Development of a Multi-Objective Decision Support Tool for Selecting Cost-Effective Stormwater Management Strategies at a Watershed Scale across Florida
Assistant Professor FAMU-FSU College of Engineering
Urban stormwater management is becoming an increasingly important issue in many urban areas due to urbanization and climate change. Low-impact development (LID), also called best management practice (BMP), or green infrastructure (GI) are semi-engineered stormwater management approaches that have been widely studied and applied around the world for nutrient reduction, but often get intertwined with environmental and socioeconomic constraints. Both planning and optimization can result in more systematic and strategic solutions to address these constraints. The main objective of this study is to develop a multi-objective decision support tool to assess the most cost-effective BMP strategies for nutrient reduction for selected watersheds in different ecoregions across Florida. Firstly, data on ground elevation, land use, soil, and precipitation were collected from publicly available sources. The data were then processed using various spatial analysis tools in ArcGIS and later were applied to develop a cost equation based on the life cycle cost and performance of the BMPs.

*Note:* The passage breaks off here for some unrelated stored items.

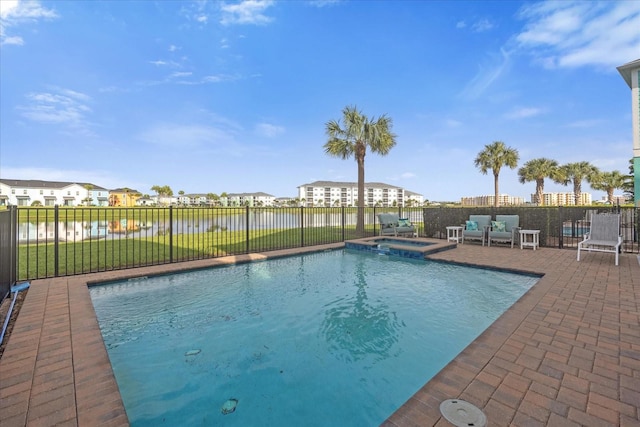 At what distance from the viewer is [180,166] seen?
4100 cm

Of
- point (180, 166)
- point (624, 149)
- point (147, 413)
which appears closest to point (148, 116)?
point (180, 166)

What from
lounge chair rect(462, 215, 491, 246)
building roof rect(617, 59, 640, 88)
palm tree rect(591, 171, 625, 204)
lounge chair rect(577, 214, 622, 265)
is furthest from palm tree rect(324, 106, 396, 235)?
palm tree rect(591, 171, 625, 204)

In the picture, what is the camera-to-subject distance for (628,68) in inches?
428

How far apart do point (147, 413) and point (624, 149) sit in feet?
68.7

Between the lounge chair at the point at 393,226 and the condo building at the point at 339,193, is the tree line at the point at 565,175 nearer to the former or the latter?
the lounge chair at the point at 393,226

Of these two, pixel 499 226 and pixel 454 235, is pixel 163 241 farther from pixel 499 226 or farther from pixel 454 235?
pixel 499 226

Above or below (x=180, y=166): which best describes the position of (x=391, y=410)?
below

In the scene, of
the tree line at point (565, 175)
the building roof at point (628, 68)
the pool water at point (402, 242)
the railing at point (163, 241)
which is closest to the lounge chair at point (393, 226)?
the pool water at point (402, 242)

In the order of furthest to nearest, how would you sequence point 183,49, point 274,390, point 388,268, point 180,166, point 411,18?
point 180,166 < point 183,49 < point 411,18 < point 388,268 < point 274,390

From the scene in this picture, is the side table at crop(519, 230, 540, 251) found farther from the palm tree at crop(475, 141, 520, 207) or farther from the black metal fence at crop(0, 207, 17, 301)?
the palm tree at crop(475, 141, 520, 207)

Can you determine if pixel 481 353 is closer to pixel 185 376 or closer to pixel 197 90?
pixel 185 376

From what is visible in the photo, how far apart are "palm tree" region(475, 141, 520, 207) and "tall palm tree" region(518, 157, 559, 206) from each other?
803 centimetres

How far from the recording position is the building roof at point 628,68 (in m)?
10.6

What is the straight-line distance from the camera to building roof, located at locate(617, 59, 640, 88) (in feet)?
34.9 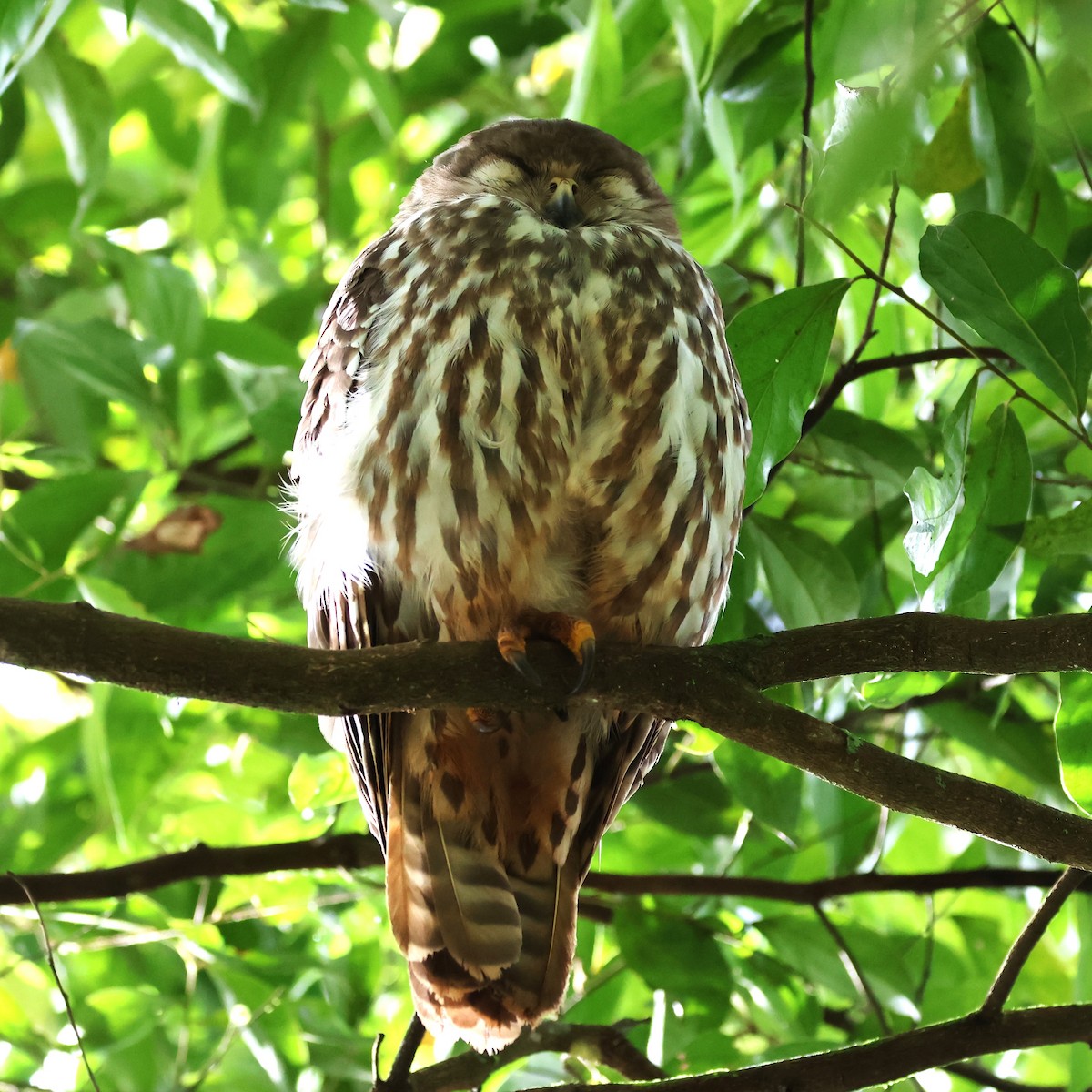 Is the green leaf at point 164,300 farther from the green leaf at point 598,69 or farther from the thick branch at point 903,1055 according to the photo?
the thick branch at point 903,1055

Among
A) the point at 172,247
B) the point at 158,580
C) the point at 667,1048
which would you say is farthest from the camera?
the point at 172,247

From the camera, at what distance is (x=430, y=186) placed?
2.96 m

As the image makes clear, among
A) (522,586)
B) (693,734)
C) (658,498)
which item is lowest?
(693,734)

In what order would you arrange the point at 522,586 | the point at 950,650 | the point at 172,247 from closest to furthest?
the point at 950,650 < the point at 522,586 < the point at 172,247

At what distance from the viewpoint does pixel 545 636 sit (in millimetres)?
2055

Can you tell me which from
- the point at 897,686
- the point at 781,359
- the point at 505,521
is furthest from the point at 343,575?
the point at 897,686

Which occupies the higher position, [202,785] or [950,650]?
[202,785]

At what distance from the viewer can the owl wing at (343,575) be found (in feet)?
7.60

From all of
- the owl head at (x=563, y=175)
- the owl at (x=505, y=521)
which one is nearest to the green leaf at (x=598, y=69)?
the owl head at (x=563, y=175)

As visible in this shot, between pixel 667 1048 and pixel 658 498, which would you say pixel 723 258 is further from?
pixel 667 1048

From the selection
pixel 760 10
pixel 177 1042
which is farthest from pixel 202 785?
pixel 760 10

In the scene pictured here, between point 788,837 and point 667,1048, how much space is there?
0.53 metres

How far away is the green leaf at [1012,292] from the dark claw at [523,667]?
759 mm

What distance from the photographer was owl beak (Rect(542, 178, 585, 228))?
2.62m
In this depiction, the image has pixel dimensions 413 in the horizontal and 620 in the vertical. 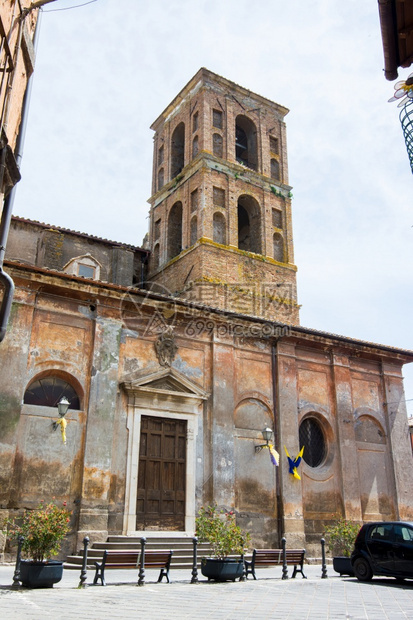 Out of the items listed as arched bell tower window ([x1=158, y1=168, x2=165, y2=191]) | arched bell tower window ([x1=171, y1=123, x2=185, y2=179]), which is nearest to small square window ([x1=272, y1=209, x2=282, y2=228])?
arched bell tower window ([x1=171, y1=123, x2=185, y2=179])

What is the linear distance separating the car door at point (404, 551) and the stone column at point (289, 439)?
18.4 ft

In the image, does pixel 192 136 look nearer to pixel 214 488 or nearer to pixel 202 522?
pixel 214 488

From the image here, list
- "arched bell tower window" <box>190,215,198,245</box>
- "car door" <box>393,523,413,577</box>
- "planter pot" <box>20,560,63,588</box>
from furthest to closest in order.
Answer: "arched bell tower window" <box>190,215,198,245</box> → "car door" <box>393,523,413,577</box> → "planter pot" <box>20,560,63,588</box>

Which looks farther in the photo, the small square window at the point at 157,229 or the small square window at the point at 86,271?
the small square window at the point at 157,229

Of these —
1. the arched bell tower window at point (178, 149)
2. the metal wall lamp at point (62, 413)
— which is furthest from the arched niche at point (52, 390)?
the arched bell tower window at point (178, 149)

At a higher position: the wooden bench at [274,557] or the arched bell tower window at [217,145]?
the arched bell tower window at [217,145]

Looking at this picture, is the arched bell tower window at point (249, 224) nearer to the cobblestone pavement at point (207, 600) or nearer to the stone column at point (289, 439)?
the stone column at point (289, 439)

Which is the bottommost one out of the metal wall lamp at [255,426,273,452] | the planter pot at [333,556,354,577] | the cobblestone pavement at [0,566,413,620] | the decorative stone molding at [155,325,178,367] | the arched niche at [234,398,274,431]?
the cobblestone pavement at [0,566,413,620]

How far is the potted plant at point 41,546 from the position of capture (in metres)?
8.91

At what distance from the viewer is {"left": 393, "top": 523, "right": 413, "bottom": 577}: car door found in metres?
10.5

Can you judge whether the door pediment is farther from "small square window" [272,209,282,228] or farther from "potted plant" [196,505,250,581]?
"small square window" [272,209,282,228]

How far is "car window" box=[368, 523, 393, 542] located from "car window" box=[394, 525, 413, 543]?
13 cm

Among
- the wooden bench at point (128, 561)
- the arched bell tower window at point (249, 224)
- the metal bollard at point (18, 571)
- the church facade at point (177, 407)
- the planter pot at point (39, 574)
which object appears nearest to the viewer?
the planter pot at point (39, 574)

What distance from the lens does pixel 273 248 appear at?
2803cm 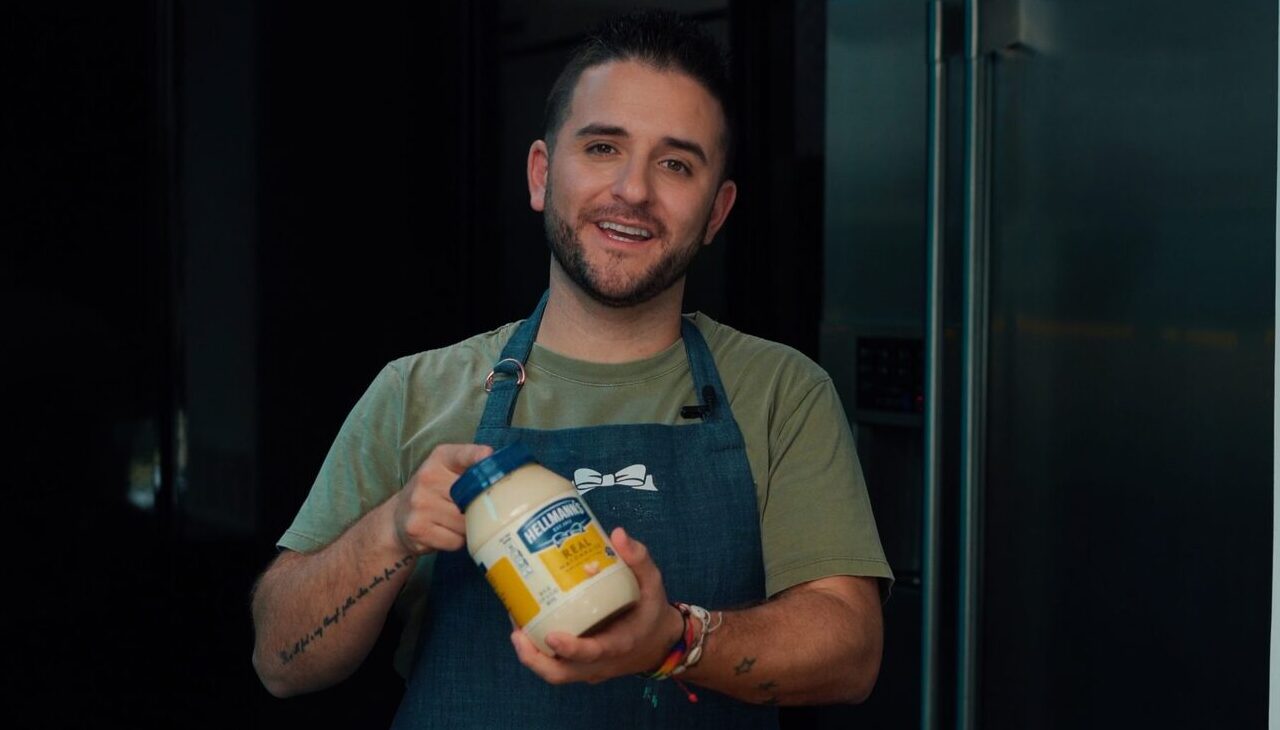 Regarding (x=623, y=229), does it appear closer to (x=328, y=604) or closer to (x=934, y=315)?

The developed cost equation was then combined with a well-known multi-objective optimization algorithm, the non-dominated sorting genetic algorithm II (NSGAII), for various single and series-used BMP applications (bioretention, green roof etc.). The outcome of the study will indicate the most cost-effective BMP strategies for nutrient reduction in the selected watersheds across Florida. The methodology adopted in this study is applicable to large-scale watershed areas and is simply transferrable to any region of the United States. This tool will aid decision-makers and planners in developing a scientifically thorough plan to achieve the watershed's cost-effective BMP goals.